Sourire sans fin amasse des denrées pour offrir du dépannage alimentaire

Sourire sans fin amasse des denrées pour offrir du dépannage alimentaire

Un panier est installé au Tim Hortons de Saint-Rémi pour ramasser les denrées non périssables pour Sourire sans fin.

Crédit photo : gracieuseté

DON – Sourire sans fin sollicite l’aide de la population pour garnir ses tablettes de denrées non périssables. Cette nourriture permet à l’organisme d’offrir de l’aide alimentaire d’urgence tout au long de l’année. Un panier est installé au Tim Hortons de Saint-Rémi pour recueillir les dons.

Les Tim Hortons de Saint-Constant et de Delson participe aussi à cette campagne de Sourire sans fin.

«Les dons seront utilisés tout au long de l’année pour supporter des individus ou des familles en situation de crise», précise Sylvie Rémillard, directrice générale de Sourire sans fin.

Le dépannage alimentaire à Sourire sans fin permet de répondre à des demandes alimentaires ponctuelles et urgentes qui surgissent à tout moment. La majorité de ces demandes sont référées à Sourire sans fin par d’autres organismes de la région.

«Nous répondons à l’urgence de se nourrir et l’intervenante reçoit les autres besoins dans un esprit d’accompagnement, et ce, avec beaucoup de diligence et de discrétion», explique Mme Rémillard.

En 2016-2017, Sourire sans Fin a offert 131 dépannages alimentaires d’urgence, ce qui a permis d’aider 235 personnes qui se trouvaient dans une situation d’extrême nécessité.

«Une solution de court terme, le dépannage alimentaire règle le problème le plus urgent: manger.»

-Sylvie Rémillard, directrice générale de Sourire sans fin

Long terme

Les personnes qui reçoivent de l’aide alimentaire d’urgence pourront ensuite participer au Partageatout, qui permet d’apporter une sécurité alimentaire à plus long terme aux familles, dans l’attente que leur situation financière leur permette de combler leurs besoins.

Partageatout est un service d’entraide alimentaire offert tous les jeudis. Les gens qui viennent chercher des denrées sont d’abord invités à partager un déjeuner.

Après quoi, ils s’impliquent dans différentes tâches, comme le déchargement du camion lors de la cueillette de nourriture chez Moisson Rive-Sud ou encore le triage des denrées et leur distribution.

En attendant leur tour pour recevoir des denrées, les participants peuvent préparer la soupe du midi, élaborer des recettes à partir des denrées distribuées afin de les transmettre aux autres et faire connaissance avec différents intervenants sur place.

Un jeudi sur deux, la camionnette de Sourire sans fin va chercher les gens de la région de Napierville pour leur permettre de se joindre au déjeuner, de recevoir des denrées, avant de repartir après la soupe du dîner.

Les intervenantes de Sourire sans fin pourront aussi offrir d’autres alternatives aux participants du Partageatout, comme le programme des cuisines collectives ou encore le club d’achat.

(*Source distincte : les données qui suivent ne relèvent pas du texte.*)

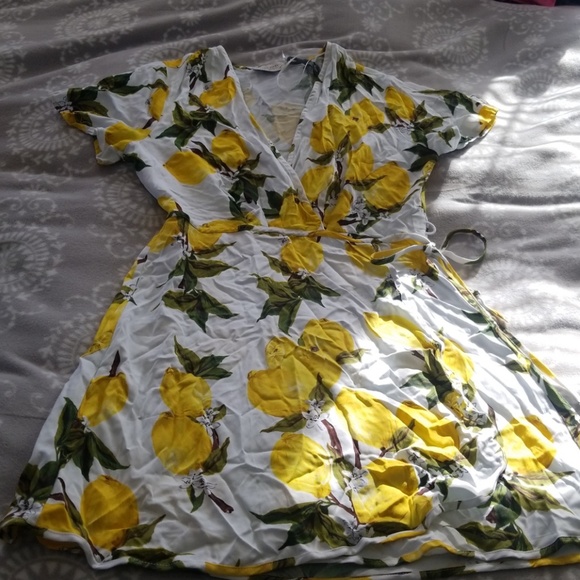 dottie couture Dresses & Skirts - Dottie couture lemon wrap dress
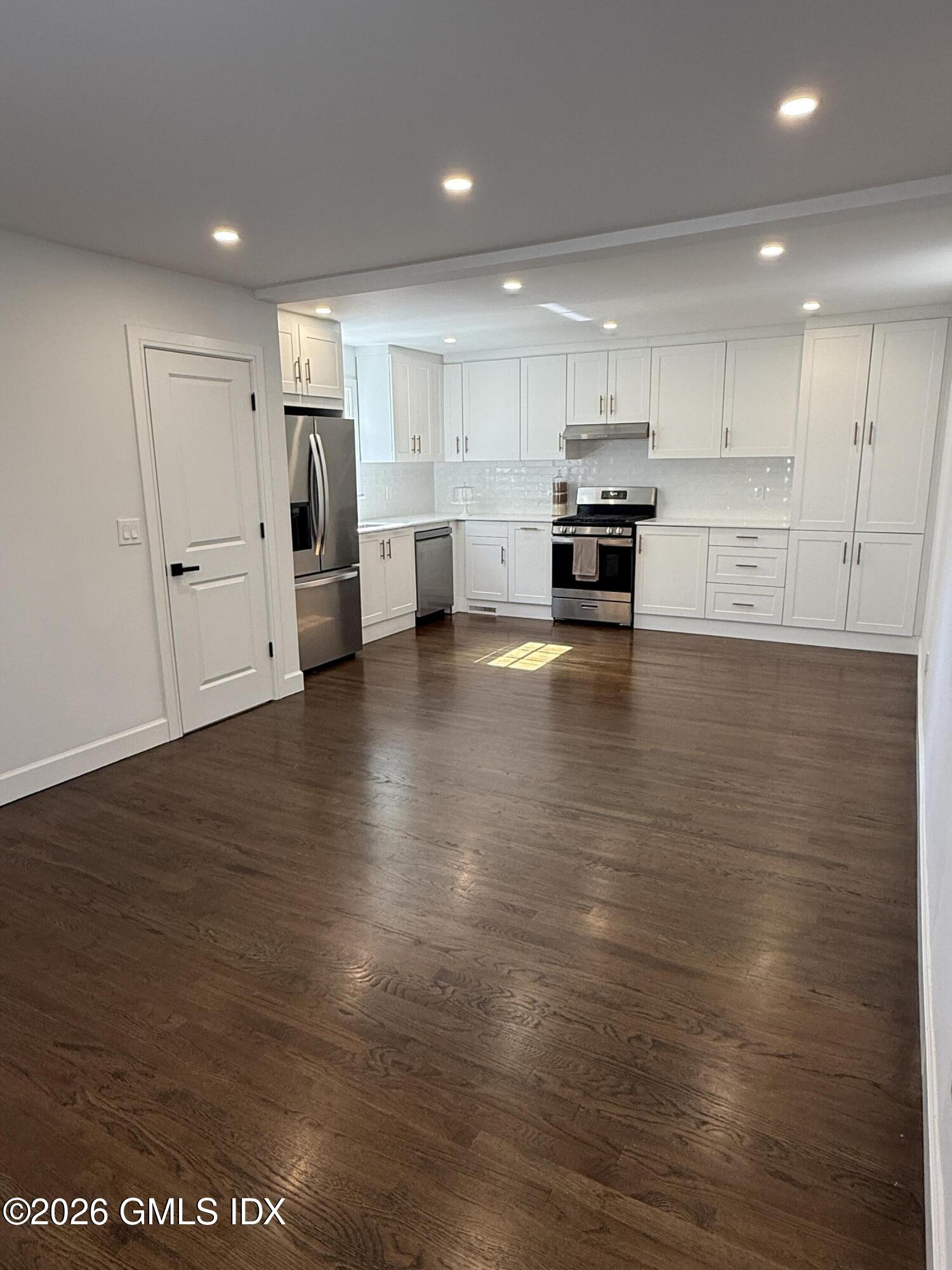 69 Cos Cob Avenue Unit: 1st Floor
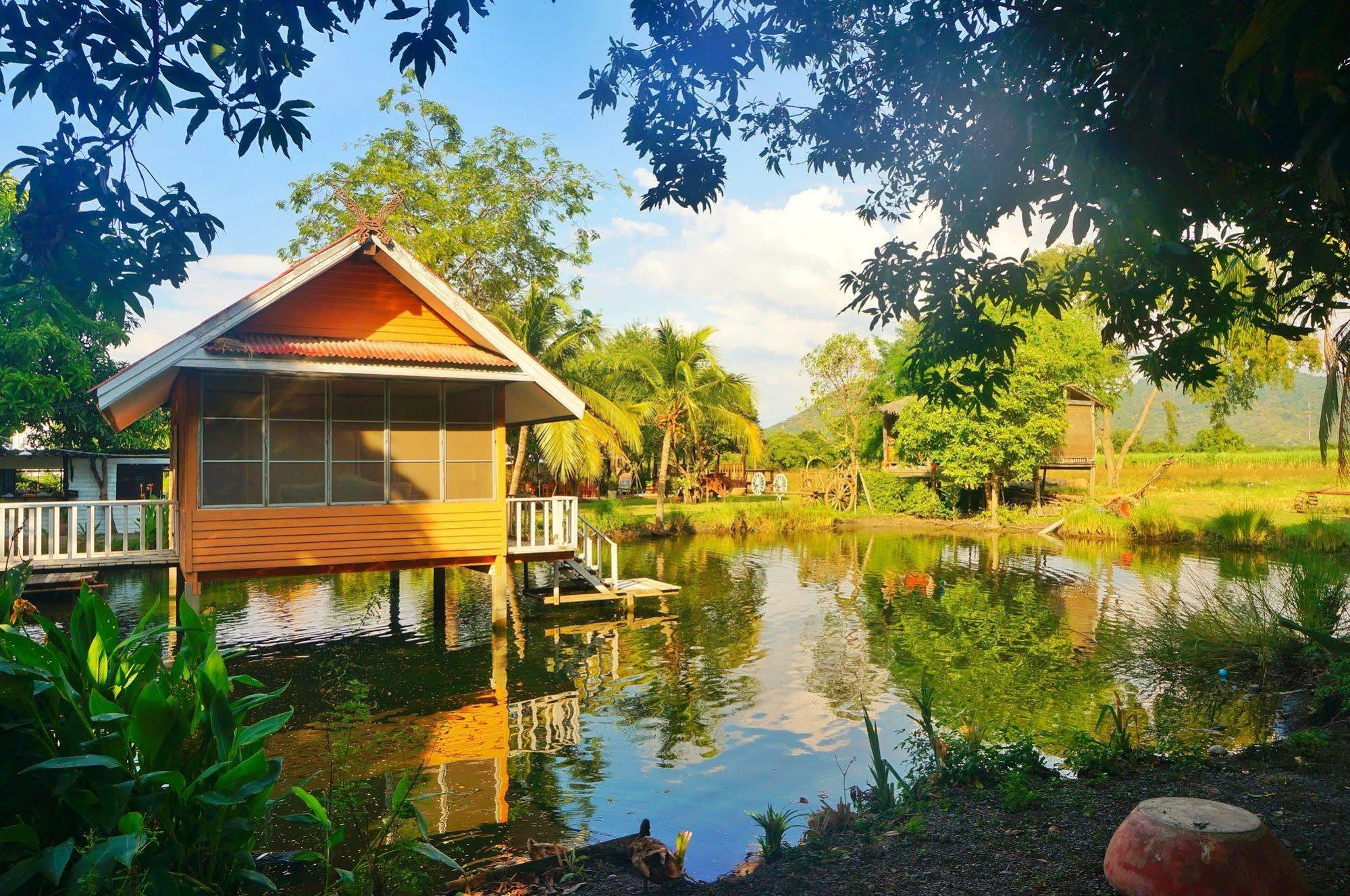 Wanlapa Farmstay Ban Khok Krathiam Exterior foto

Des exemples d’aliments les plus demandés

  • Aliments et produits pour bébés (purée, céréales, lait maternisé, couches).
  • Aliments protéinés (poissons en conserve, beurre d’arachide).
  • Lait en boîte (lait Grand Pré ou boissons végétales enrichies comme le lait de soya).
  • Légumes et fruits en conserve.
  • Pâtes alimentaires, quinoa, sauce protéiné en pot.
  • Céréales à déjeuner santé avec grains entiers et collations pour enfants.
  • Soupes en conserve.

Le dépannage alimentaire en chiffres

22 %

Il s’agit du pourcentage des personnes qui ont recours au dépannage alimentaire et qui présentent un problème de consommation, 16 % vivent en situation de crise familiale et/ou de violence conjugale et 22 % souffrent de dépression ou d’un autre problème de santé mentale.

70 %

Il s’agit de la proportion de gens qui ont demandé un dépannage d’urgence  et qui étaient absents du marché du travail au moment de leur demande.

23 %

Près du quart des demandes proviennent de familles monoparentales.

70 %

Plus de 70 % des personnes n’en demandent qu’une seule fois dans l’année.

73 %

On remarque que 73 % des ménages qui ont recours au dépannage alimentaire ont un revenu annuel de moins de 18 500 $.